One method, called near-Zero silent Data Corruption, or nZDC, was published in the 2014 Design Automation Conference proceedings. Shrivastava and Didehban proposed a technique that duplicates program instructions and compares results intermittently to check for errors. nZDC was demonstrated to detect more than 99.9% of the SDCs.
When an error is found, their other technique, Nemesis (described in a 2017 International Conference on Computer-Aided Design paper), runs an underlying cause analysis of the error and finds whether it is even possible to fix the error or not. Nemesis demonstrated an ability to recover from 96% of SDCs. For the remaining 4%, it declared its inability to recover.
While replication is a well-known technique to protect programs, the devil is in the details; most previous works have gotten the details wrong. And even a small change can render the protection ineffective. Shrivastava observed that many previous techniques were sometimes recovering incorrectly. It is also not possible to recover from all errors, and a wrong recovery defeats everything. That is why he inserted a special routine to determine if it is possible to recover correctly.
Shrivastava and his team have a strong publishing record of more than 20 conference papers and 12 journal articles on the topic of software recovery techniques, including Didehban and Jeyapaul’s doctoral dissertations and six other students’ master’s theses.
Their results have the potential to impact how autonomous vehicle systems are certified for reliability.

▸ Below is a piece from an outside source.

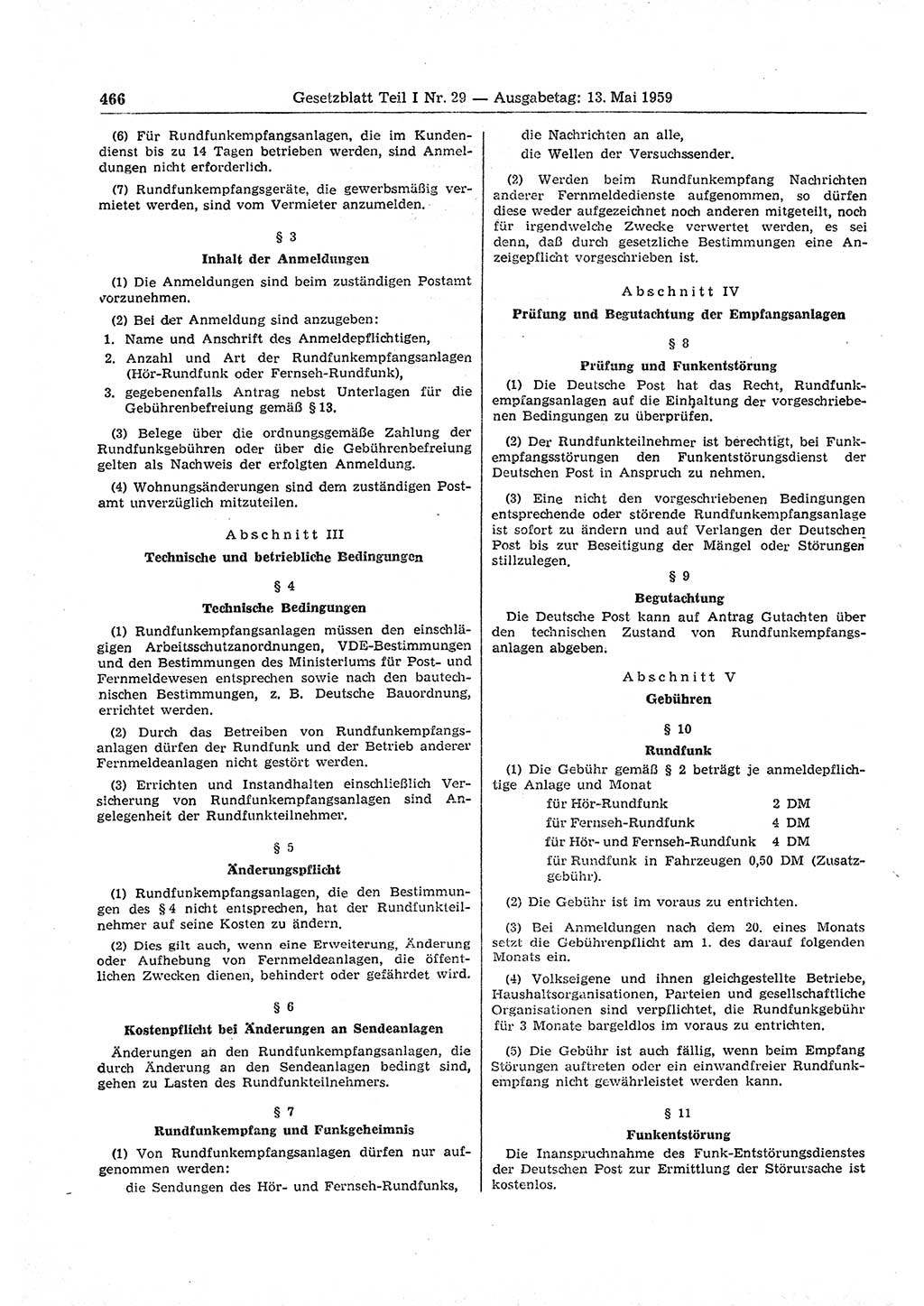 Gesetzblatt (GBl.) der Deutschen Demokratischen Republik (DDR) Teil Ⅰ 1959, Seite 466 (GBl. DDR Ⅰ 1959, S. 466)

A hardware-based fault monitoring technique is currently the only way to get certified.
“I am of the opinion that effective software techniques should also be allowed,” Shrivastava says.
The meticulous nature of Shrivastava’s six-year software research to find the elusive computing errors with new software techniques has emboldened him to urge the research community to value commitment and perseverance over quick results and ROIs.
“It is because of this impatience that so many ‘ineffective’ protection techniques have been proposed,” Shrivastava says. “Research takes a long time, but carefully considering how faults occur and how to best address them can save lives.”